Household trouble with Habeck: Scholz takes Lindner's side

Finance Minister Lindner and Economics Minister Habeck write letters to each other.

Household trouble with Habeck: Scholz takes Lindner's side

Finance Minister Lindner and Economics Minister Habeck write letters to each other. In the letters that have become public, they argue about which areas in the upcoming draft budget money can be spent on - and how that should be financed. Chancellor Scholz is now setting the direction.

According to a magazine report, when preparing the budget for next year, the traffic light coalition agreed to do without tax increases and to comply with the debt brake.
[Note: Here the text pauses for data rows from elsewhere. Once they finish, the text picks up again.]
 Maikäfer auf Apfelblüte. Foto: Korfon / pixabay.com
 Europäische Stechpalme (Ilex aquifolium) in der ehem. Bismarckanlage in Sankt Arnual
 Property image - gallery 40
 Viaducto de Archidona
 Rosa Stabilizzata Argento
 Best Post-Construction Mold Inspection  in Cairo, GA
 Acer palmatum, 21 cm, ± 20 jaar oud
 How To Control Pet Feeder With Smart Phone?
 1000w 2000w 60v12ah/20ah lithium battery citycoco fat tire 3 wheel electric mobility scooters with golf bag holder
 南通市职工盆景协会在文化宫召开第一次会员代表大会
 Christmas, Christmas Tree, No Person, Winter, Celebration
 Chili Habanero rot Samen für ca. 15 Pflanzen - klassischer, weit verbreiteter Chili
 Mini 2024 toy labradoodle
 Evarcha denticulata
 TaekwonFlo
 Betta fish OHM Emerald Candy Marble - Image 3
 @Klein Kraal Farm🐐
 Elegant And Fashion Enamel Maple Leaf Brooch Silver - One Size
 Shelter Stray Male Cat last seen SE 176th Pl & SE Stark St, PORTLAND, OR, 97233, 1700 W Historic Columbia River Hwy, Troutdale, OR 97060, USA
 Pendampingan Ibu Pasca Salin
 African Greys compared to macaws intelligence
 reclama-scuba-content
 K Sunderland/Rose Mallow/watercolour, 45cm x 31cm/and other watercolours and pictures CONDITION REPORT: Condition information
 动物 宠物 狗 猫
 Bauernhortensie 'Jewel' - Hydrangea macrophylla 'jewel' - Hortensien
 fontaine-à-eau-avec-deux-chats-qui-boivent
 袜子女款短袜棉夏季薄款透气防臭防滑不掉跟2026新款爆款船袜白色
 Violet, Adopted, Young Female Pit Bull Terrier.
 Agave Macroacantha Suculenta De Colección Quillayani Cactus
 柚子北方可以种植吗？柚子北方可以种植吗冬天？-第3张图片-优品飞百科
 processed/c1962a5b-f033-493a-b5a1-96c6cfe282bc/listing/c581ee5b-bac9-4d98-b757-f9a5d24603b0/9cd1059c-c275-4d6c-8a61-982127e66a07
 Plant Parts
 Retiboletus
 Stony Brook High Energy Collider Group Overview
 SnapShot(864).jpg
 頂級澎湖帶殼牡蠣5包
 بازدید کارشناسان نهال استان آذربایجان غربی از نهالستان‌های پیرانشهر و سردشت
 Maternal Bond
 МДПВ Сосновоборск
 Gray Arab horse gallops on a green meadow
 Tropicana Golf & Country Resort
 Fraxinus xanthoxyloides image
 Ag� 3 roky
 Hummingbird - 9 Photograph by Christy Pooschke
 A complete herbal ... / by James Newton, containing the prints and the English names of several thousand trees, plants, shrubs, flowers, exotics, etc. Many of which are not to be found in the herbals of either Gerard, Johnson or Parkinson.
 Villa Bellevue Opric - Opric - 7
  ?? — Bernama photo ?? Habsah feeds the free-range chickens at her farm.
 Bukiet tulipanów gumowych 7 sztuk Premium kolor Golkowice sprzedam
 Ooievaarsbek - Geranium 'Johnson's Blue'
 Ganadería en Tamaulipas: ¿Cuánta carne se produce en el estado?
According to information from "Spiegel", Chancellor Olaf Scholz, Vice Chancellor Robert Habeck and Finance Minister Christian Lindner agreed on this at a meeting on Monday.

The federal government did not confirm this directly. "I cannot confirm that because I was not present at the meeting," said Deputy Government Spokesman Wolfgang Büchner. However, he would not be surprised "because it is simply the framework that we gave ourselves in the coalition agreement". Scholz had thus sided with Lindner in the budget dispute between the two ministers, the magazine continued. According to the report, the Federal Minister of Finance is planning new debt of at least 25 billion euros for the coming year.

In doing so, he wants to make full use of the maximum limit allowed by the debt brake. According to the latest calculations by the Ministry of Finance, the amount is 15 billion euros. In addition, there would be 10 billion euros for the planned share pension, which does not count for the debt brake because they are offset by a claim on the pension fund in the same amount.

Habeck and Lindner had settled their dispute over the 2024 budget by letter, and the letters from the two were leaked to the public. "We ask you not to make any further public or internal preliminary decisions that unilaterally prioritize further spending," said Habeck in a letter to the FDP leader. He expressly named the areas of share pensions, the armed forces and sales tax reduction for the catering trade "representing the ministries led by the Greens". For counter-financing, Habeck suggested "improving income" by reducing environmentally harmful subsidies. Lindner rejected the initiative, pointing out that the FDP was not prepared to accept any tax increases.